TASK REQUIREMENTS
Your output must be the lines below from the line containing "2-Zimmer-Gewerbeimmobilie mieten in" to the line containing "مستعملة Toyota Land", both lines included, reproduced exactly and without pictures.

── RECORDS PROVIDED ──

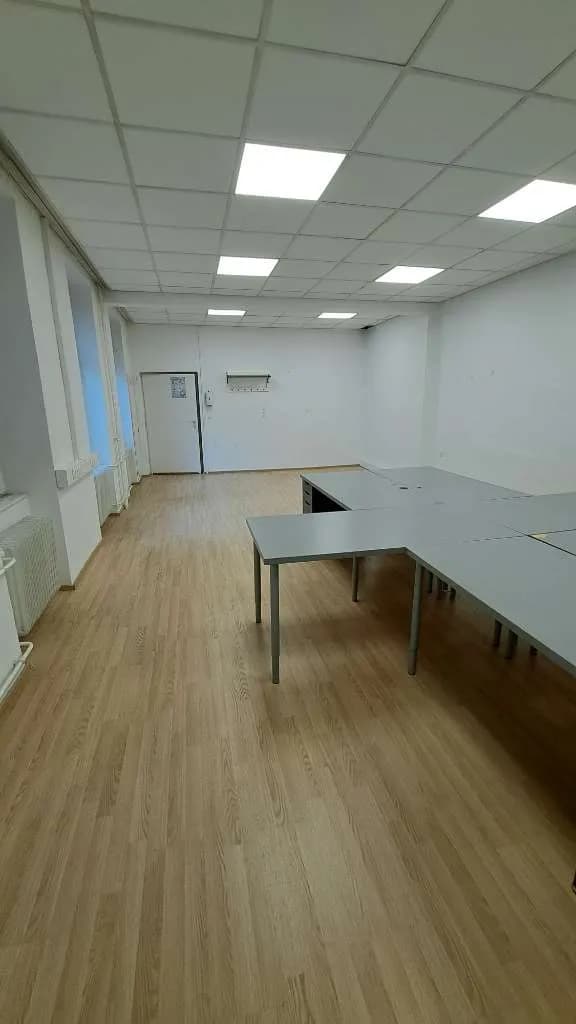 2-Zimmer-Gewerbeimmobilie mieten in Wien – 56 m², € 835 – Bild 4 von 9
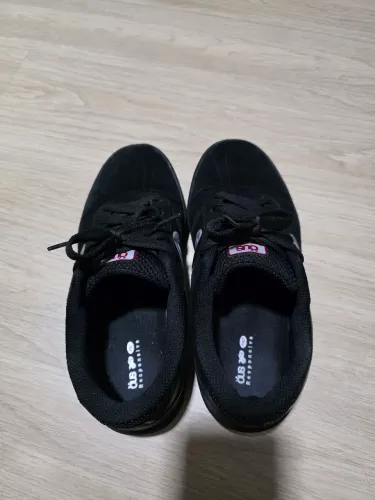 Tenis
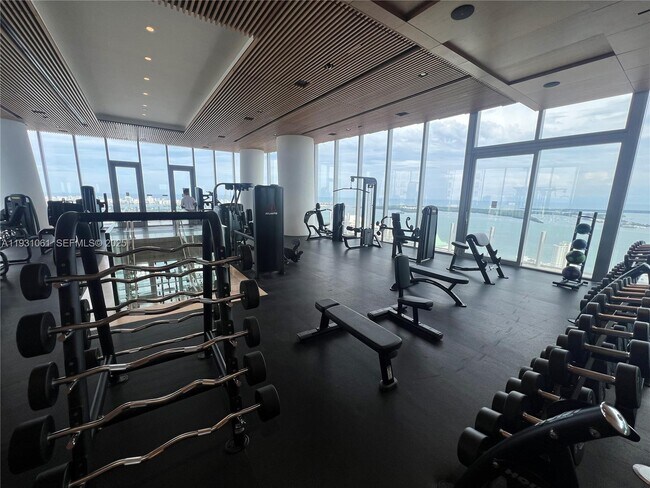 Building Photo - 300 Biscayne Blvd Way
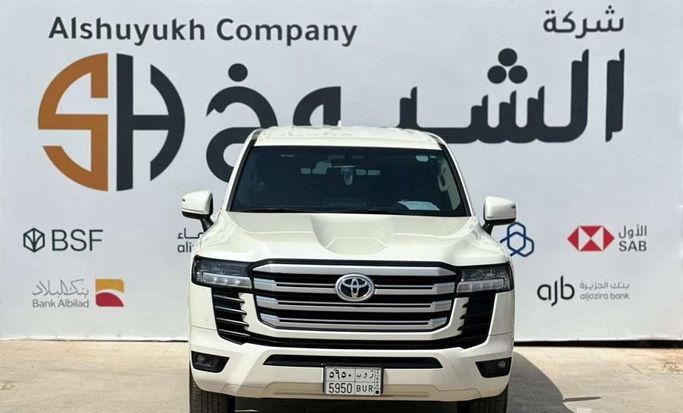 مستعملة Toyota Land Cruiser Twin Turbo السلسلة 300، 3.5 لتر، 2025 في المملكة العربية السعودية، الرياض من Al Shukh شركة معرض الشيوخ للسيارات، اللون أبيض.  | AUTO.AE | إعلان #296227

───
── RECORDS PROVIDED ──

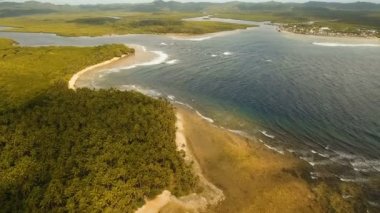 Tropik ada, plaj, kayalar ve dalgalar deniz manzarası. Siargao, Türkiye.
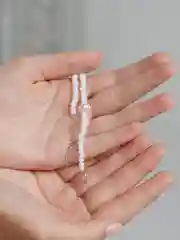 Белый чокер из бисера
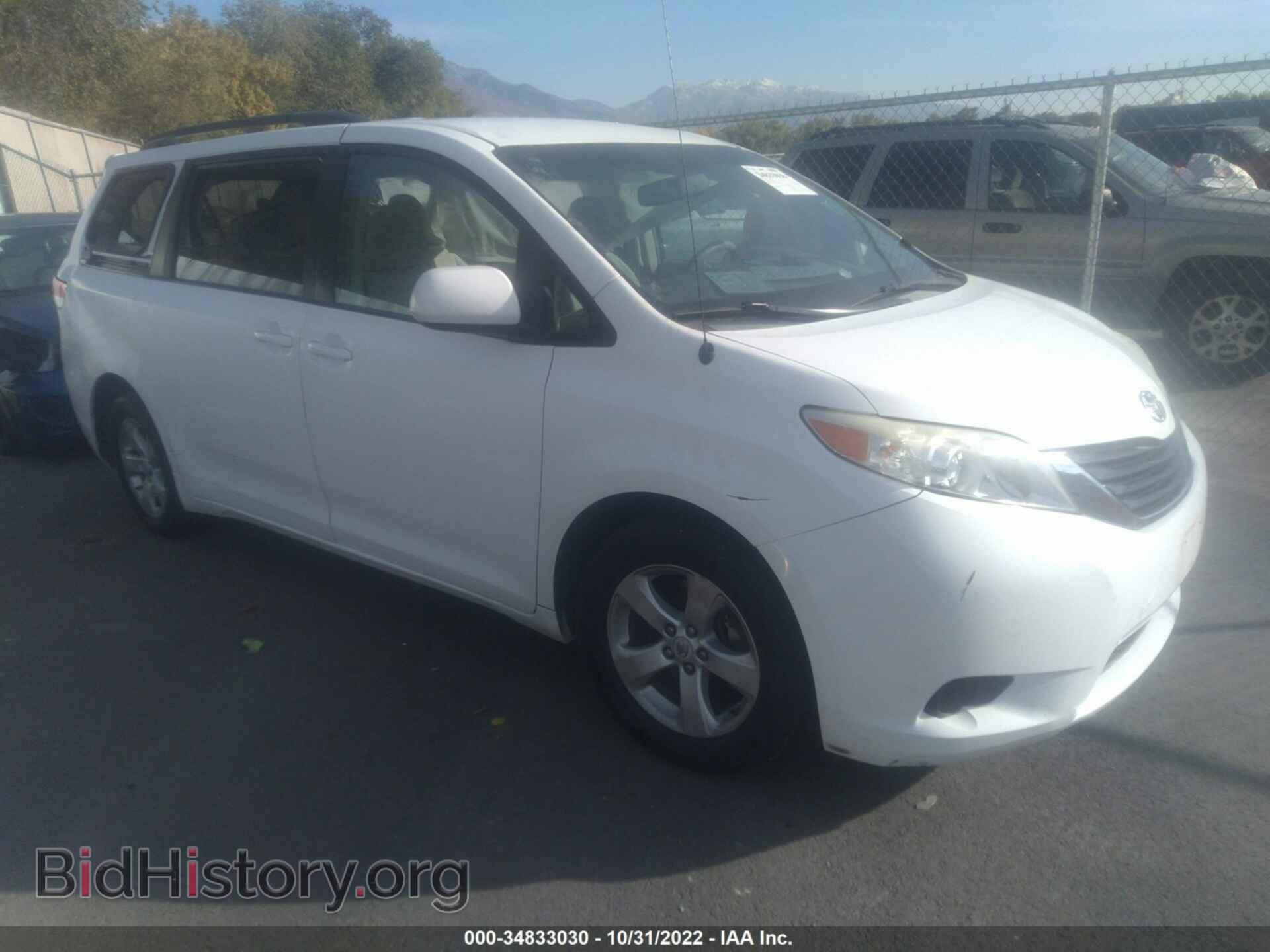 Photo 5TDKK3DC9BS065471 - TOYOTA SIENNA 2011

───

RESPONSE BELOW
 2-Zimmer-Gewerbeimmobilie mieten in Wien – 56 m², € 835 – Bild 4 von 9
 Tenis
 Building Photo - 300 Biscayne Blvd Way
 مستعملة Toyota Land Cruiser Twin Turbo السلسلة 300، 3.5 لتر، 2025 في المملكة العربية السعودية، الرياض من Al Shukh شركة معرض الشيوخ للسيارات، اللون أبيض.  | AUTO.AE | إعلان #296227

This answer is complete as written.